**YOUR TASK**
What is needed is an exact copy of the lines from the line holding "Dress with translucent sleeves and pearls" through the end of the material, with no other lines and no pictures.

**EXERCISE DATA**
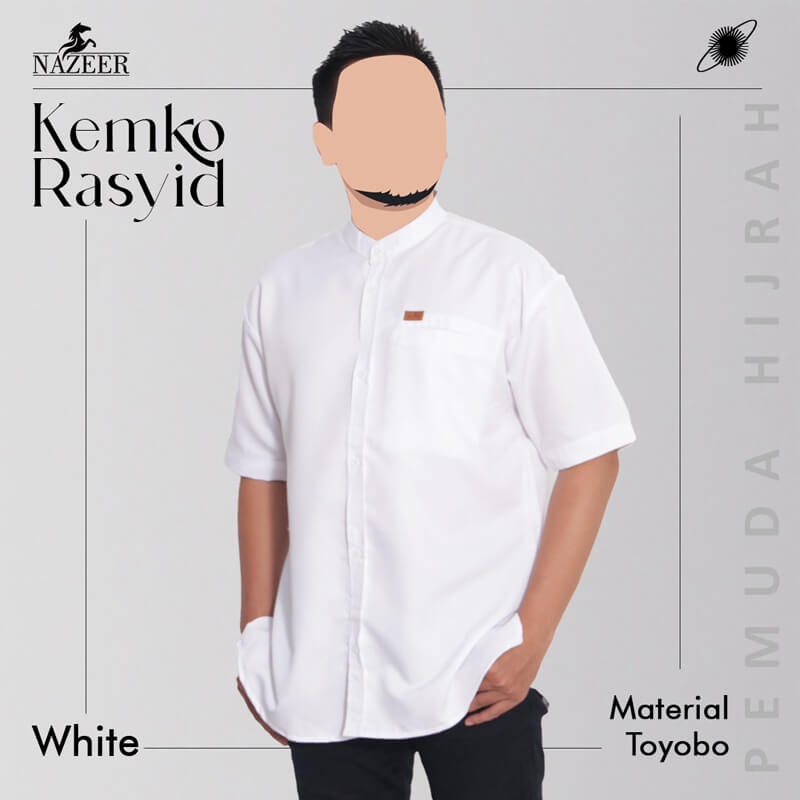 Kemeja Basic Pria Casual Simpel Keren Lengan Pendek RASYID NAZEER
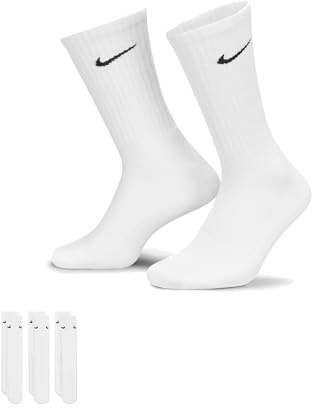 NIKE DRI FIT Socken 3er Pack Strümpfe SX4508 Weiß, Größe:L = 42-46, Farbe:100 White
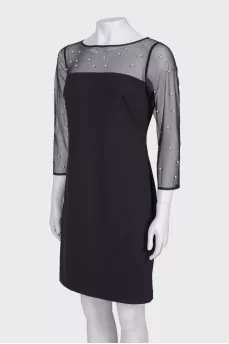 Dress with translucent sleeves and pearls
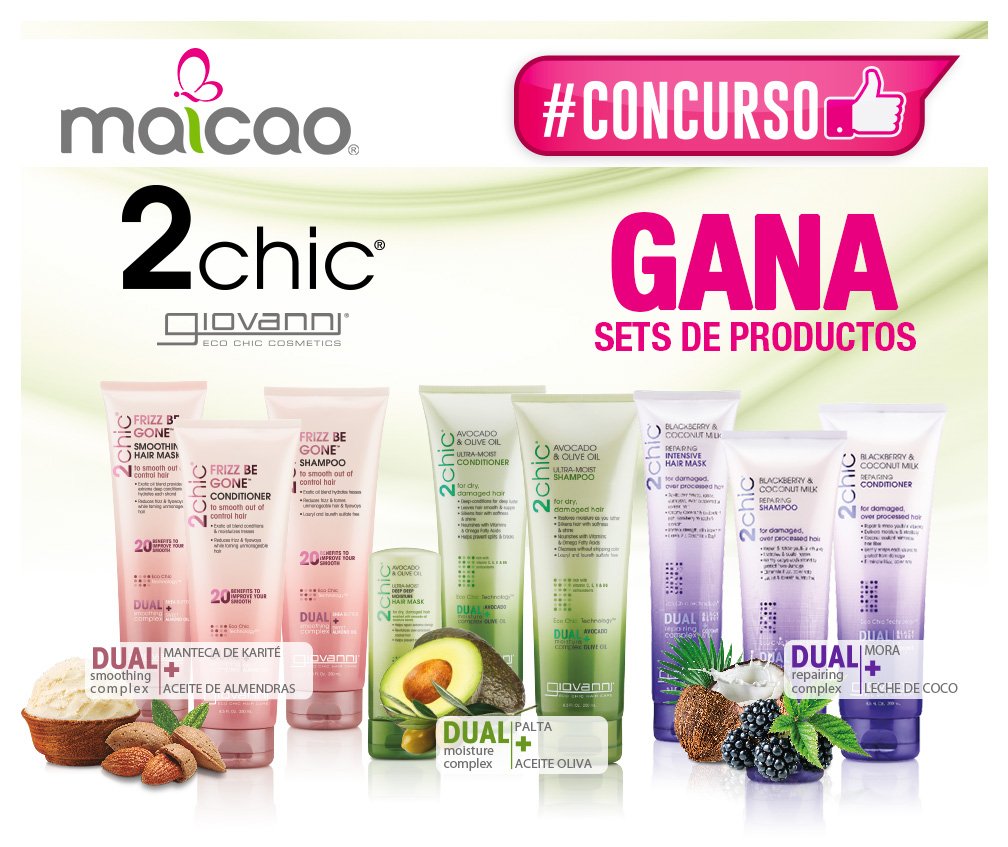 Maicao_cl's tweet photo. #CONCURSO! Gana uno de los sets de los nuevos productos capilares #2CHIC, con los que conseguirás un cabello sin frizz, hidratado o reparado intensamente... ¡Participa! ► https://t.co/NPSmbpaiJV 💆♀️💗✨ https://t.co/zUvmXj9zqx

**THE ANSWER**
 Dress with translucent sleeves and pearls
 Maicao_cl's tweet photo. #CONCURSO! Gana uno de los sets de los nuevos productos capilares #2CHIC, con los que conseguirás un cabello sin frizz, hidratado o reparado intensamente... ¡Participa! ► https://t.co/NPSmbpaiJV 💆♀️💗✨ https://t.co/zUvmXj9zqx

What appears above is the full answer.